_Recorded information_
--- START ---
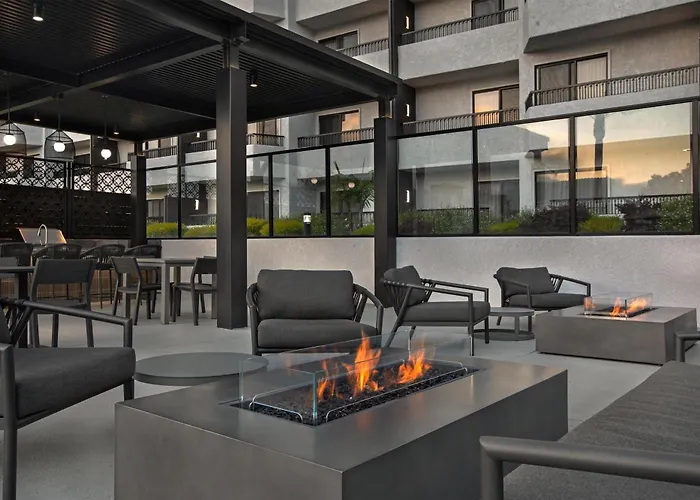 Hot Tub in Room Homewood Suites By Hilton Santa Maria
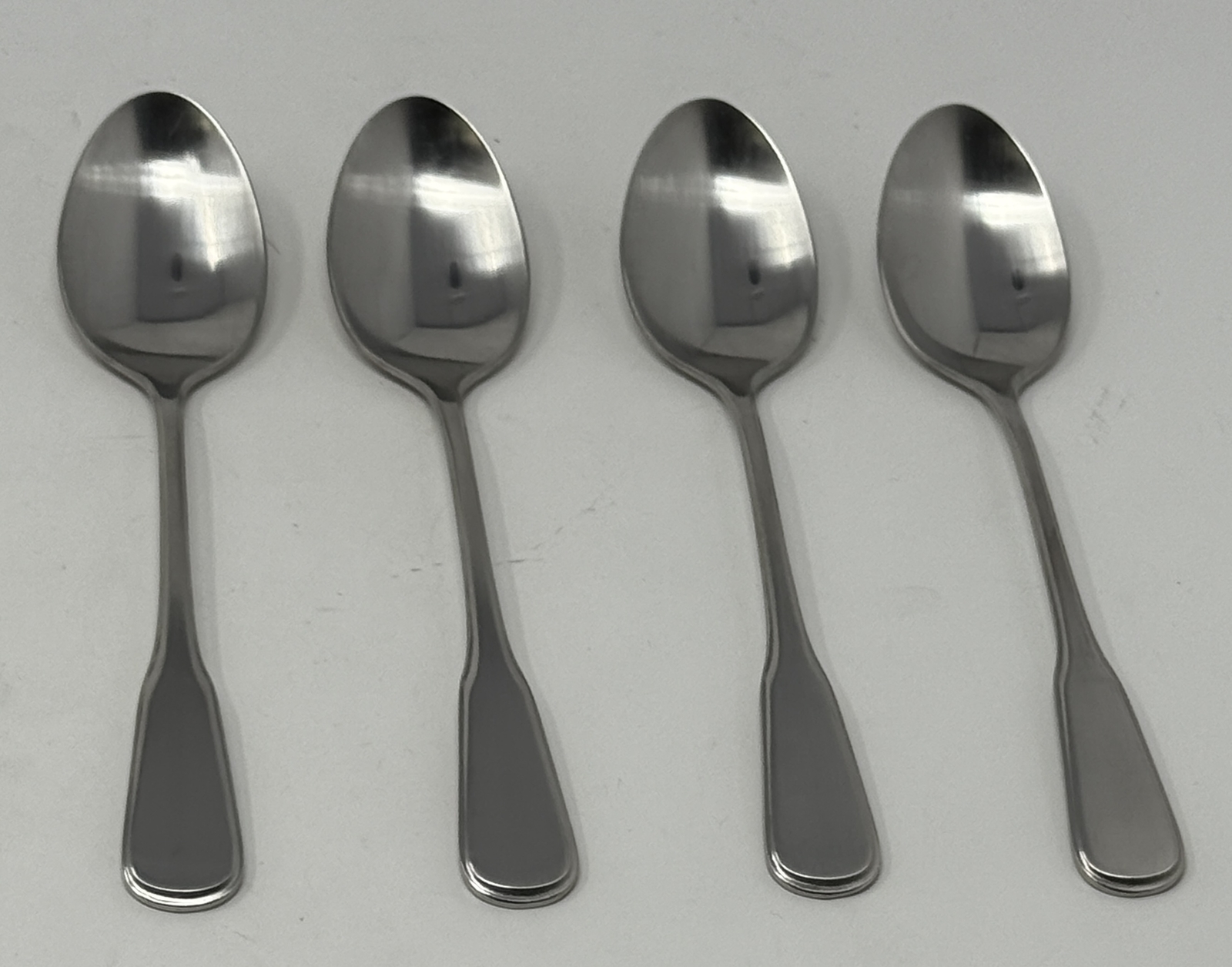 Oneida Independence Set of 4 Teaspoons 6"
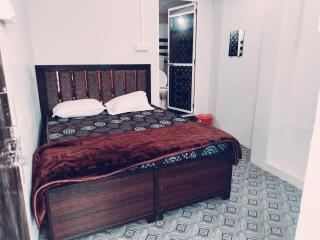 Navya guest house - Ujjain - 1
--- END ---
_Problem description_
Begin with the line that contains "Oneida Independence Set" and copy every line through the end of the listing, exactly as written, both ends included. Pictures are not part of the copy.

_Reply to the exercise_
 Oneida Independence Set of 4 Teaspoons 6"
 Navya guest house - Ujjain - 1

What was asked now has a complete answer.